╭──

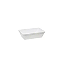 Travessa Retangular Pp 25X17cm Stillo Sem Tampa C4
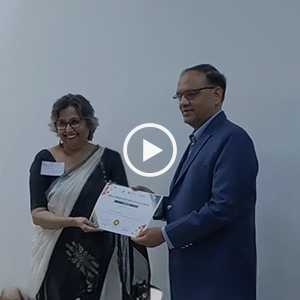 deia-event-video-thumb-3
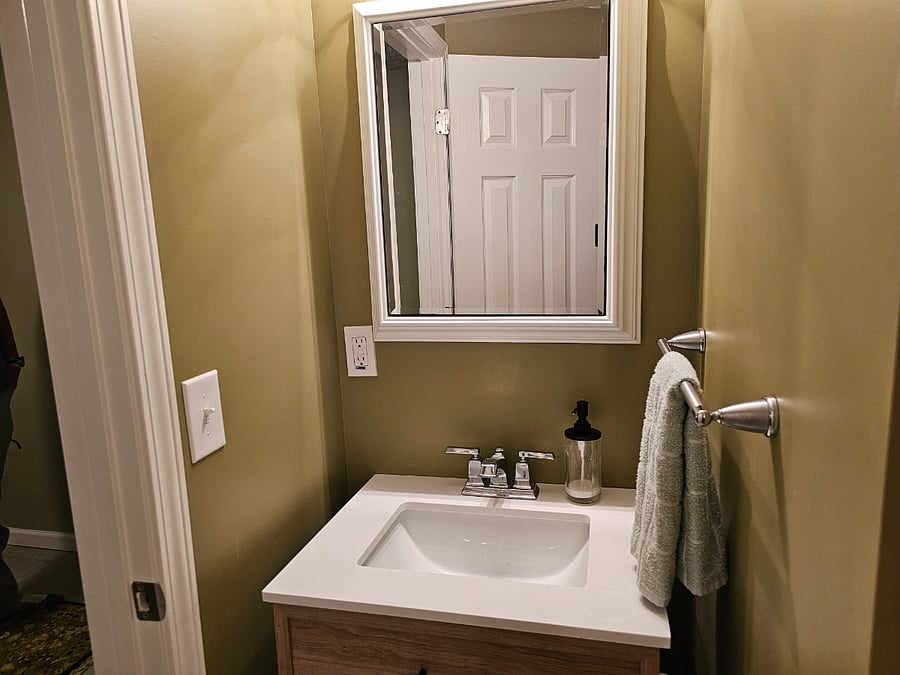 Furnished Finder property 624888_1 photo 35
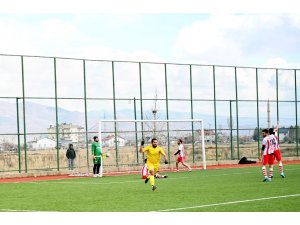 Seydişehir Belediye Spor Dolu Dizgin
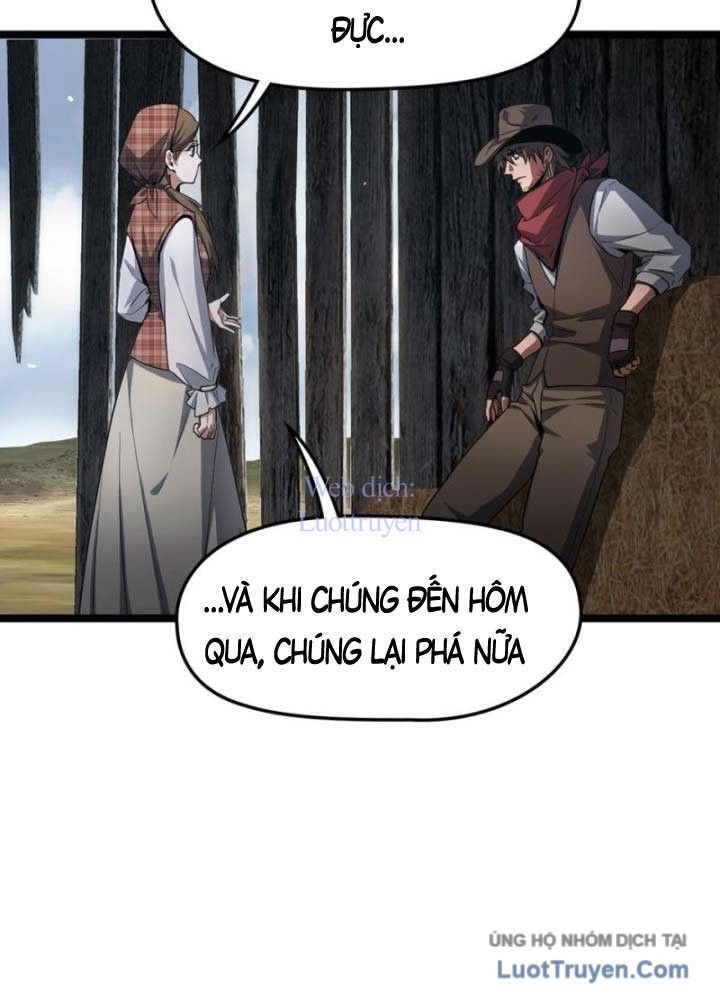 Trang 33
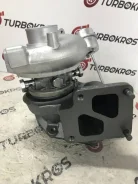 ��������������� ��������������� Mitsubishi Mitsubishi 49178-01500 4917801500 ����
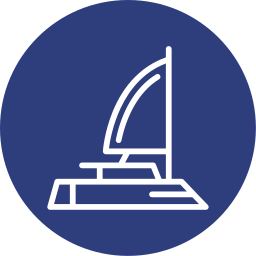 Regatta icon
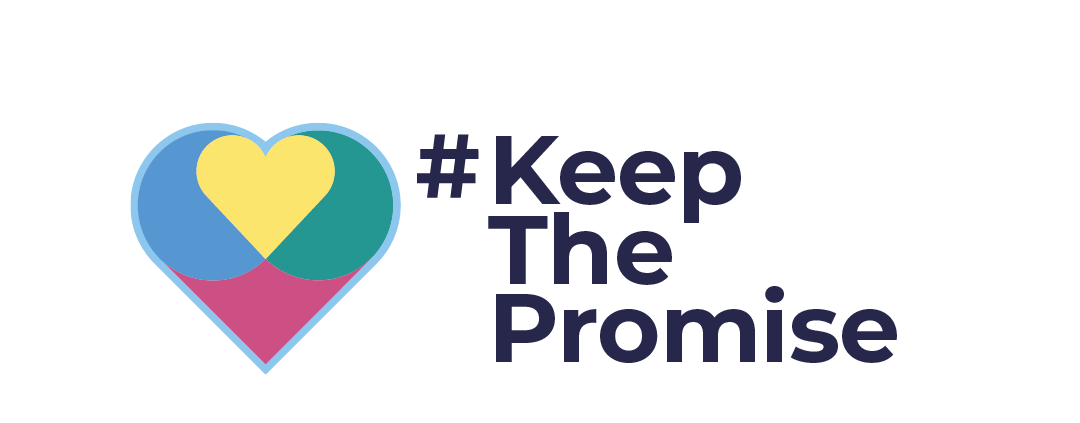 New programme of support for young people with experience of care 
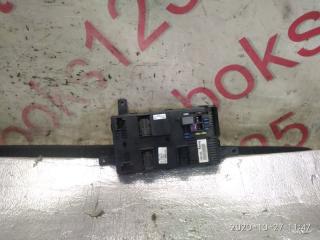 Блок предохранителей Kia Mohave HM D6EA 919582J050 1 ракурс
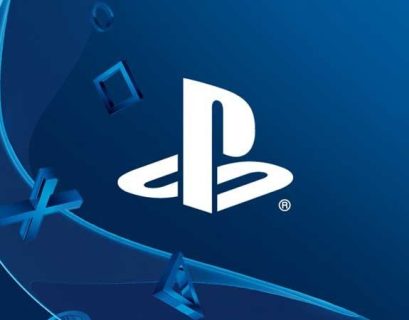 Ransomware group reportedly selling stolen Sony data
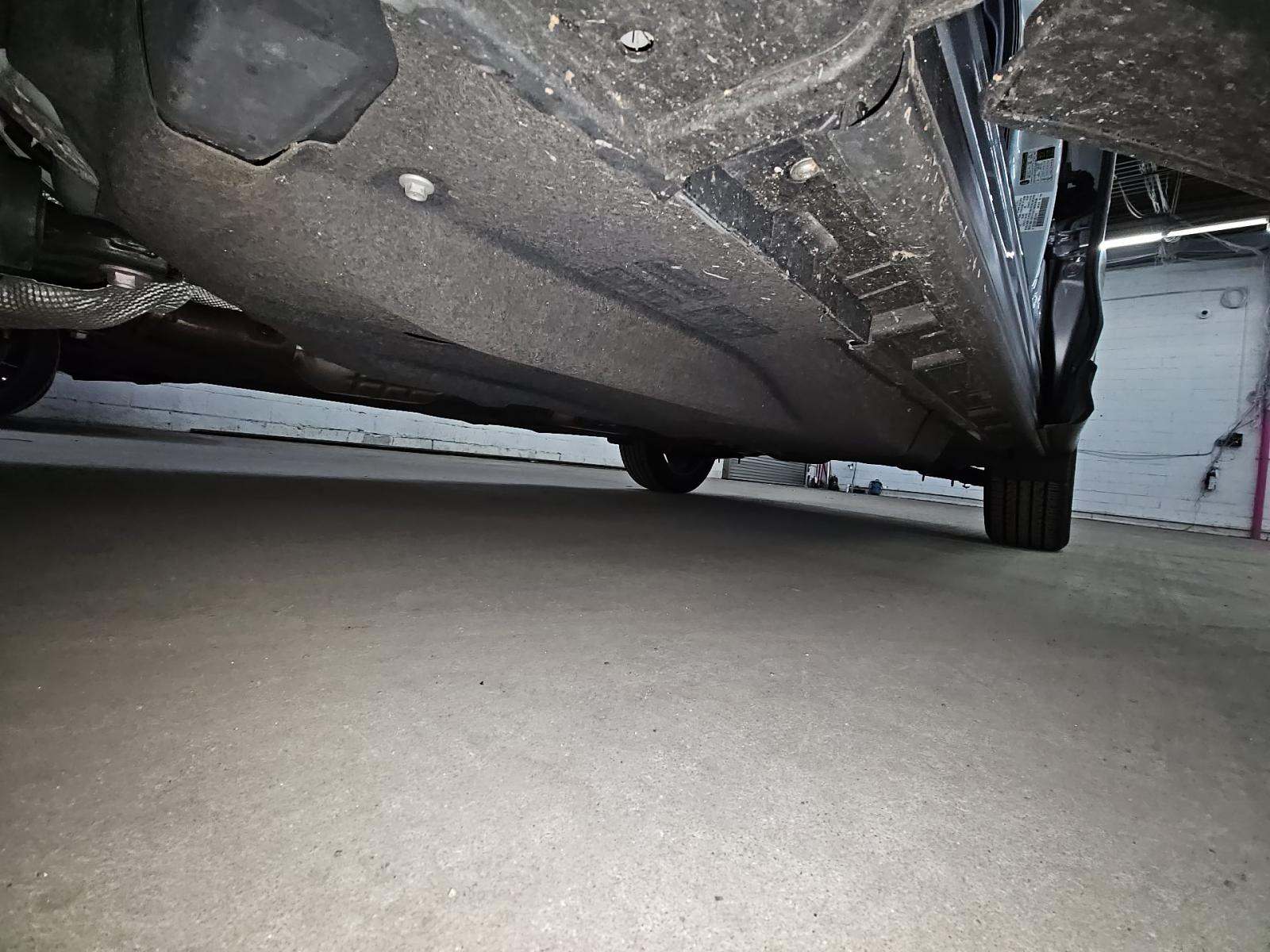 2023 MAZDA CX-5 2.5 S Premium Plus Package AWD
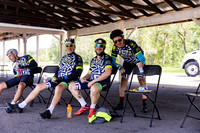 Rest Areas
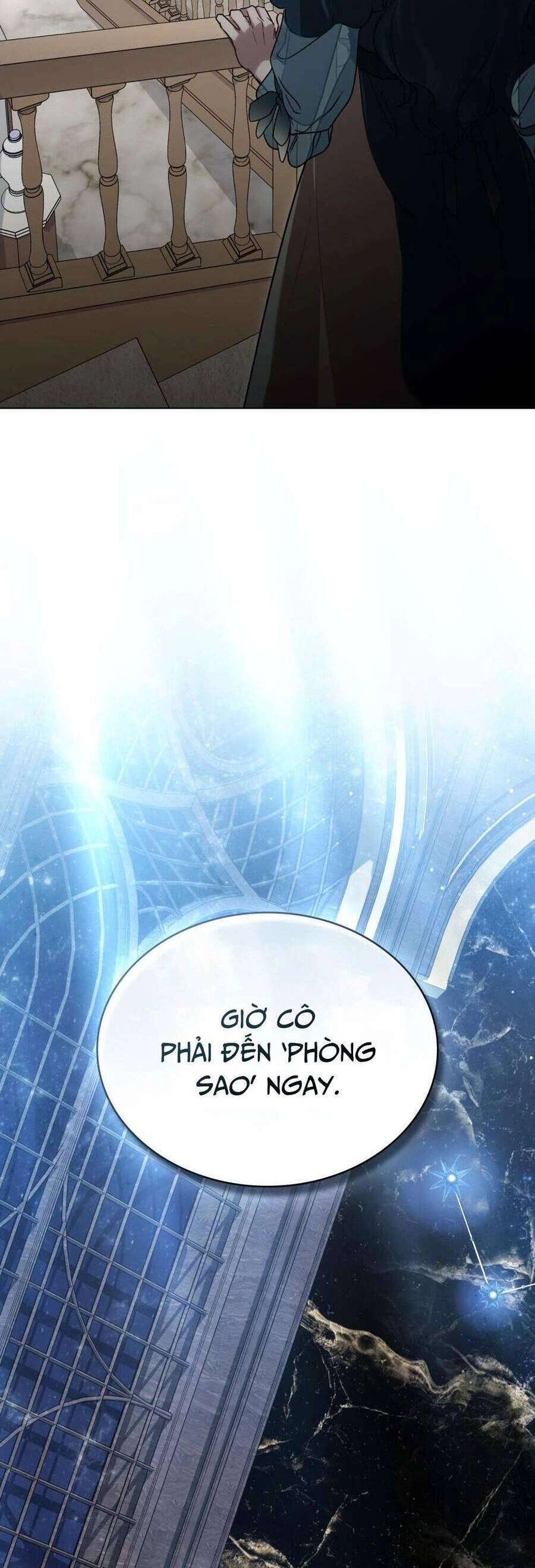 Giới Thượng Lưu Chapter 22 - 49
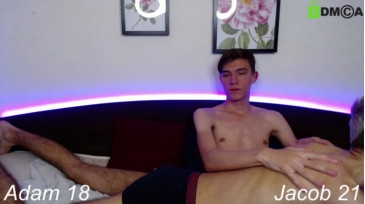 Shinestone  17-11-2020 video whip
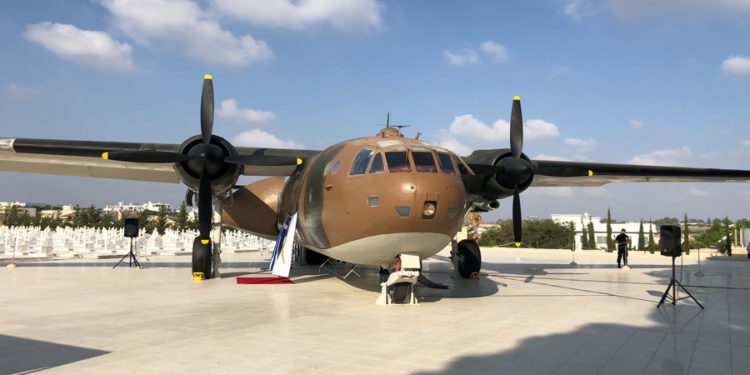 Επιχείρηση ΝΙΚΗ: Η αυτοθυσία και ο ηρωισμός των Ελλήνων Καταδρομών στον αγώνα της Κύπρου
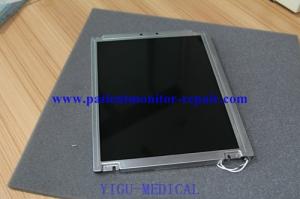 China Spacelabs 90369 NL6448BC33 Patient Monitoring Display wholesale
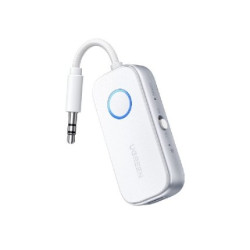 Ugreen UG-45812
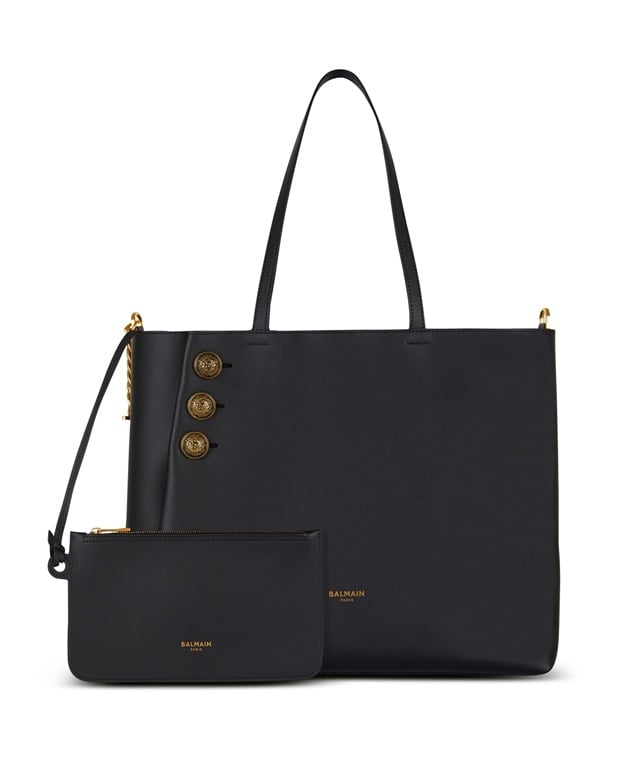 Balmain Handbag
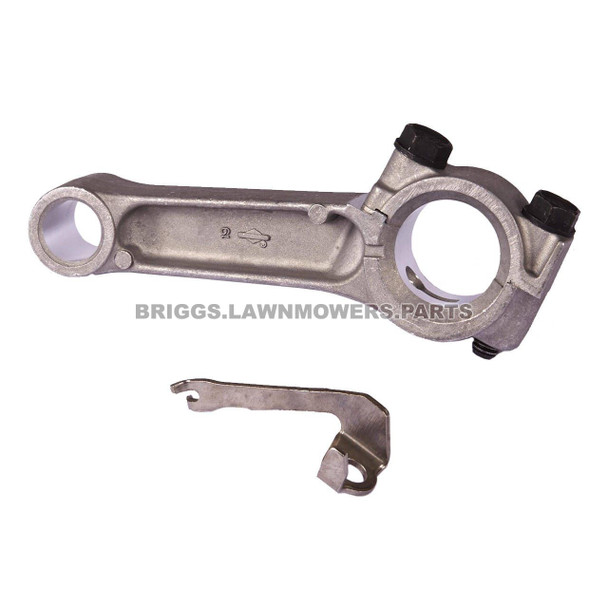 390401 - ROD-CONNECTING Briggs and Stratton Original Part - Image 1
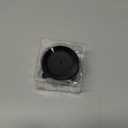 Magnetic Suction Cup Phone Mount for Magsafe, 360 Adjustable Magnetic Car Phone Holder, Pocket Size Foldable Car Mount, Cell Phone Holders for Your Car for iPhone 16 Pro Max 15 14 13 12 Plus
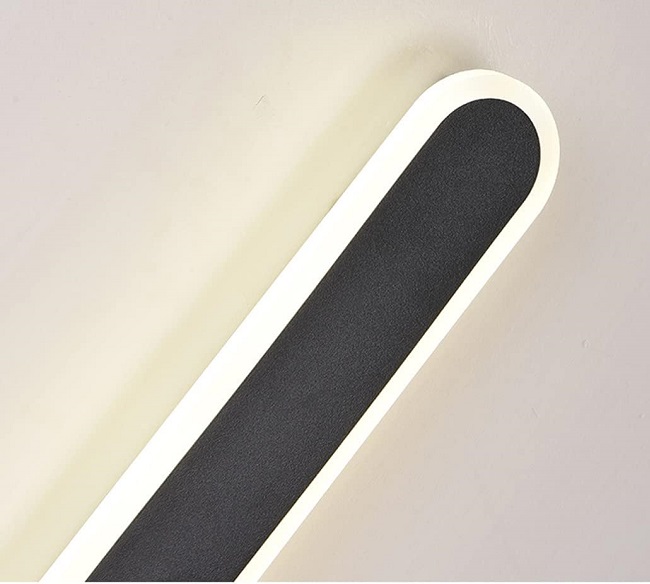 Επιτοίχιο φωτιστικό LED - PH211 - 942317 - Image 3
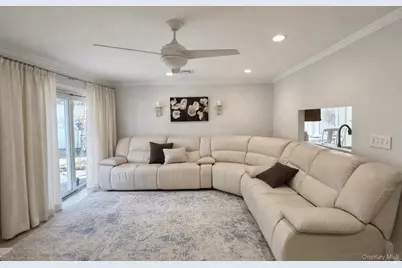 155 Alexander Avenue, Nesconset, NY 11767 - Photo 14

╰──

▸ WHAT THE TASK ASKS: From the entries above, write out every line without a single change, skipping the images.

▸ RESPONSE BOX:
 Travessa Retangular Pp 25X17cm Stillo Sem Tampa C4
 deia-event-video-thumb-3
 Furnished Finder property 624888_1 photo 35
 Seydişehir Belediye Spor Dolu Dizgin
 Trang 33
 ��������������� ��������������� Mitsubishi Mitsubishi 49178-01500 4917801500 ����
 Regatta icon
 New programme of support for young people with experience of care 
 Блок предохранителей Kia Mohave HM D6EA 919582J050 1 ракурс
 Ransomware group reportedly selling stolen Sony data
 2023 MAZDA CX-5 2.5 S Premium Plus Package AWD
 Rest Areas
 Giới Thượng Lưu Chapter 22 - 49
 Shinestone  17-11-2020 video whip
 Επιχείρηση ΝΙΚΗ: Η αυτοθυσία και ο ηρωισμός των Ελλήνων Καταδρομών στον αγώνα της Κύπρου
 China Spacelabs 90369 NL6448BC33 Patient Monitoring Display wholesale
 Ugreen UG-45812
 Balmain Handbag
 390401 - ROD-CONNECTING Briggs and Stratton Original Part - Image 1
 Magnetic Suction Cup Phone Mount for Magsafe, 360 Adjustable Magnetic Car Phone Holder, Pocket Size Foldable Car Mount, Cell Phone Holders for Your Car for iPhone 16 Pro Max 15 14 13 12 Plus
 Επιτοίχιο φωτιστικό LED - PH211 - 942317 - Image 3
 155 Alexander Avenue, Nesconset, NY 11767 - Photo 14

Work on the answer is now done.